Moving it to the "Training" forum and bumping up for OP.


----------



## mls (Nov 28, 2006)

Line through the front of the trailer is not a good idea with the ramp. Horse can and likely will drop off the side of the ramp.

Is the ramp stable? Some ramps have to much give an horses do not trust the footing.

There is also that new trailer smell. Chemicals and a horses sensitive nose.


----------



## livestoride (Mar 30, 2011)

mls - the ramp is very secure and barely moves when he walks on it. He didn't mind the ramp at all and would calmy stand on it and peek inside the trailer without a second thought. He just refused to take the extra step and go in the trailer. Maybe it is the smell because we have trailered him several times before in different trailers that we could bum from a friend and he never had an issue getting on. He wouldn't even load when my mare was in it. 

A friend suggested that I put the trailer in the indoor arena and leave it open with his hay and grain in it for the night and let him figure it out. Do that for a few nights and he should walk right up. My question with this is how does it teach him to walk on when being led?

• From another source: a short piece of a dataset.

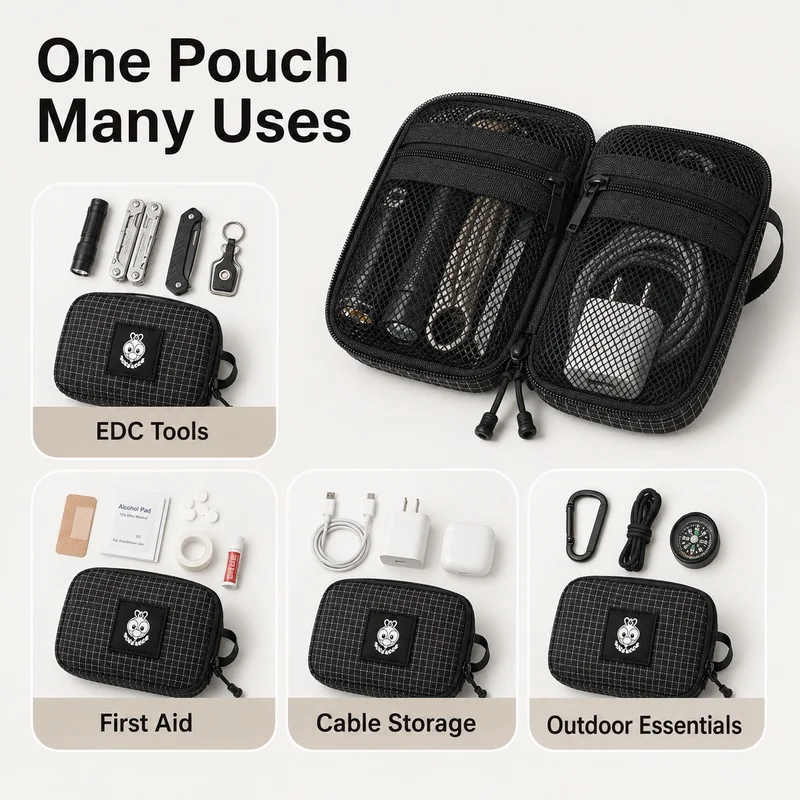 Pochette de rangement en tissu - Edc Carry Pocket Pouch avis et prix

We tied him to the side and let him chill and he never had a issue. he will walk right on up to it and go up the ramp, but no further. Would anyone suggest this idea?

I don't mind taking the time and effort to work with him, but don't want to spend hours and have him win in the end cuz that won't teach him anything good. Thanks everyone!


----------



## AlexS (Aug 9, 2010)

Skip his breakfast, try to load him before dinner time. Encourage him in with food. If he still won't go, oh well, he misses another meal and will be more hungry for the next attempt tomorrow morning. 
Then feed him in the trailer as often as you can. 

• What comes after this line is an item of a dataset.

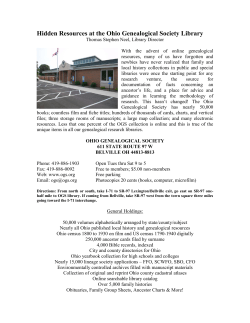 OGS Hidden Resources - Ohio Genealogical Society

Are their windows or a side ramp or an escape door that can be opened so he is not going into such a tight closed space?


----------



## franknbeans (Jun 7, 2007)

smrobs said:


> Another method to use is to make away from the trailer a place where he doesn't want to be. Lead him toward the trailer and the instant that he refuses, put him to work. Lunge him back and forth between you and the trailer, lots of direction changes, make him breath hard. When he's sucking a bit of air and is focused on you, lead him toward the trailer again. So long as he is looking/investigating or coming forward just let him come and keep lightly encouraging him. If he is obviously scared and he wants to stop and look, give him plenty of time to do that, so long as he doesn't move away. The instant that he backs up or moves away from the trailer, put him to work again. Repetition will make him realize that being on the ramp or in the trailer is where he gets to rest and away from the trailer means he has to work. He should be loading up in no time.


This ^^. X100.


----------



## mom2pride (May 5, 2009)

smrobs said:


> Another method to use is to make away from the trailer a place where he doesn't want to be. Lead him toward the trailer and the instant that he refuses, put him to work. Lunge him back and forth between you and the trailer, lots of direction changes, make him breath hard. When he's sucking a bit of air and is focused on you, lead him toward the trailer again. So long as he is looking/investigating or coming forward just let him come and keep lightly encouraging him. If he is obviously scared and he wants to stop and look, give him plenty of time to do that, so long as he doesn't move away. The instant that he backs up or moves away from the trailer, put him to work again. Repetition will make him realize that being on the ramp or in the trailer is where he gets to rest and away from the trailer means he has to work. He should be loading up in no time.


 
^ this is what I would impliment... make the right thing easy, the wrong thing difficult. In this way, you are also making loading into the trailer 'his' idea, since he will want to be in there after a while of having to work outside of it. 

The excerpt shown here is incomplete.